__What you have to do__
Any picture in the data below gets skipped; print all the rest exactly.

__Records to process__
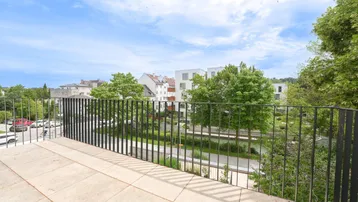 Geräumiger Balkon mit Fliesenboden und Blick auf die grüne Umgebung und moderne Gebäude.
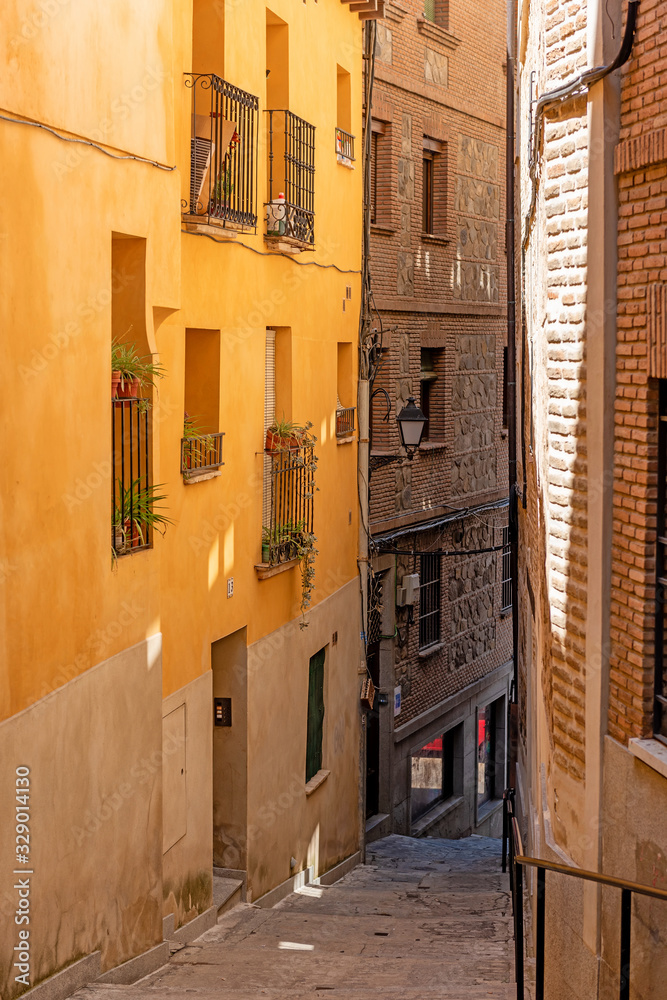Narrow cobblestone medieval street in Toledo city. Spain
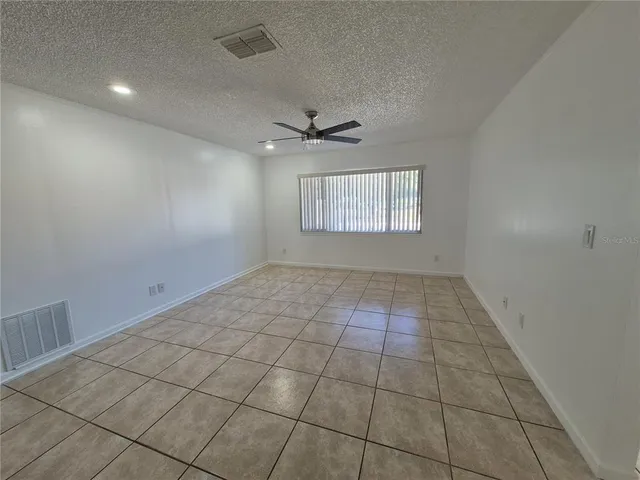 a kitchen with stainless steel appliances a sink and cabinets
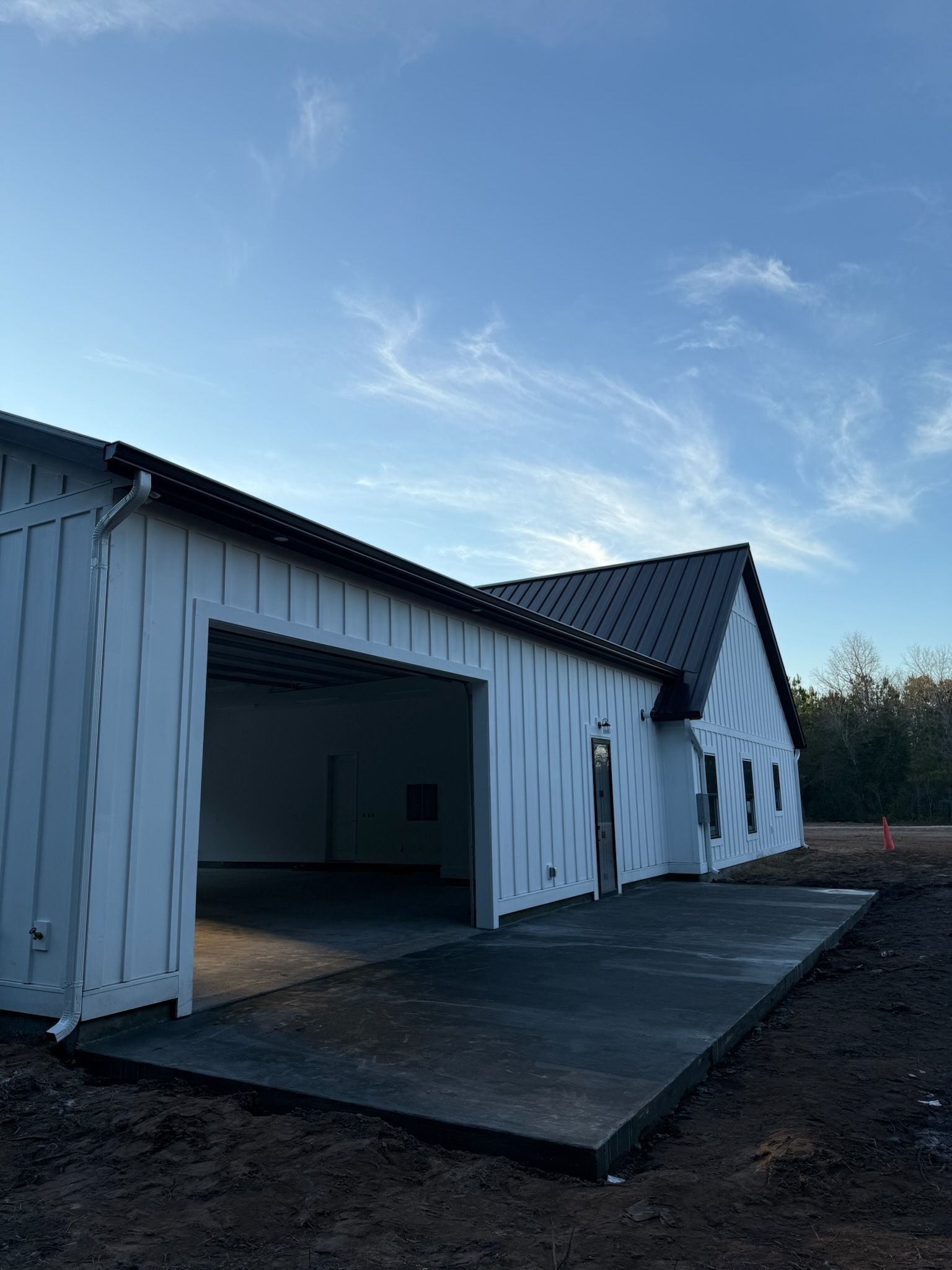 A white pole-barn style building with a black roof and a freshly poured concrete patio under a blue, sunny sky.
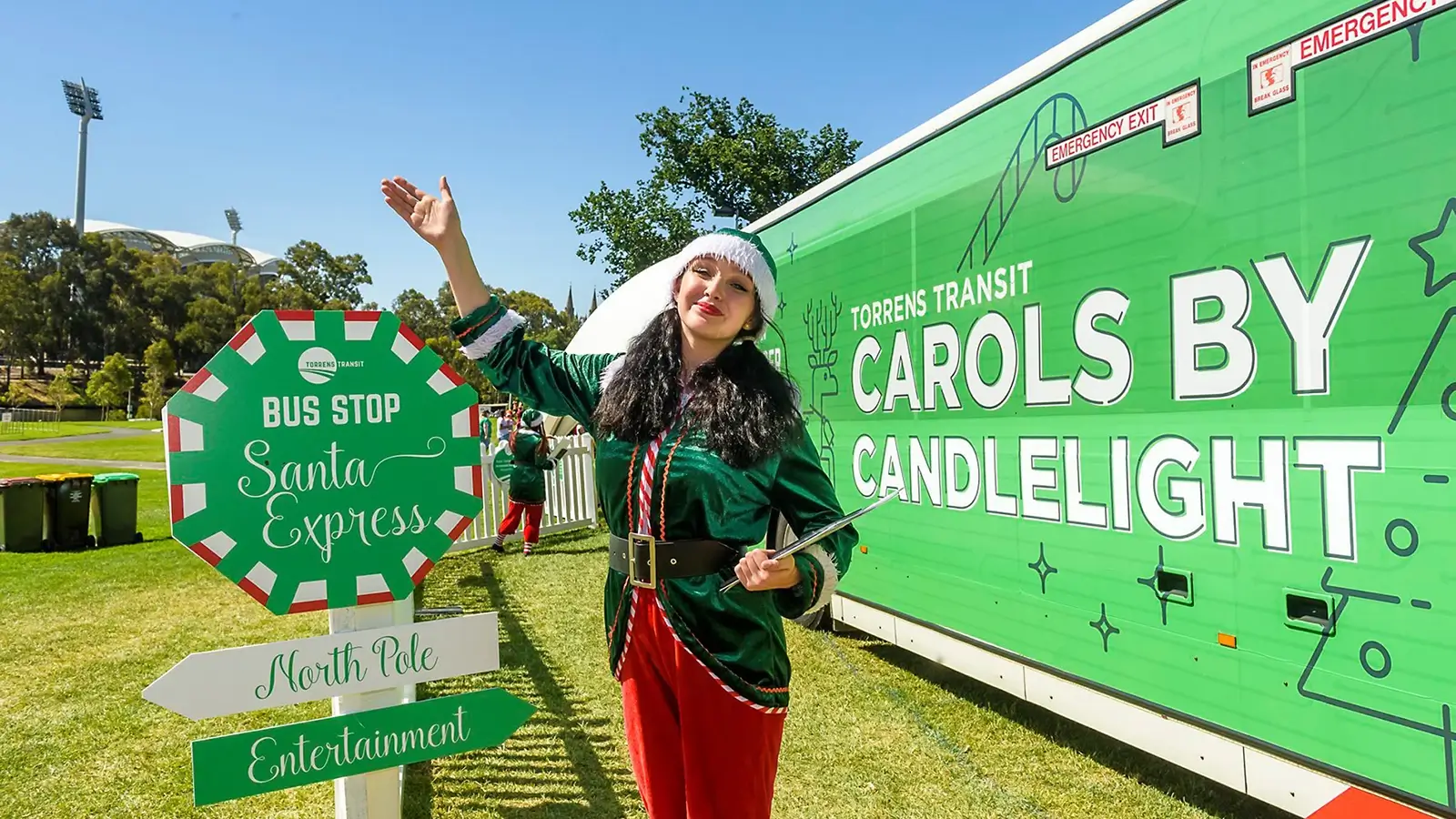 Event signage for Torrens Transit Carols by Candelight Event, bus stop sign with worker in elf costume.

__Response to the task__
 Geräumiger Balkon mit Fliesenboden und Blick auf die grüne Umgebung und moderne Gebäude.
Narrow cobblestone medieval street in Toledo city. Spain
 a kitchen with stainless steel appliances a sink and cabinets
 A white pole-barn style building with a black roof and a freshly poured concrete patio under a blue, sunny sky.
 Event signage for Torrens Transit Carols by Candelight Event, bus stop sign with worker in elf costume.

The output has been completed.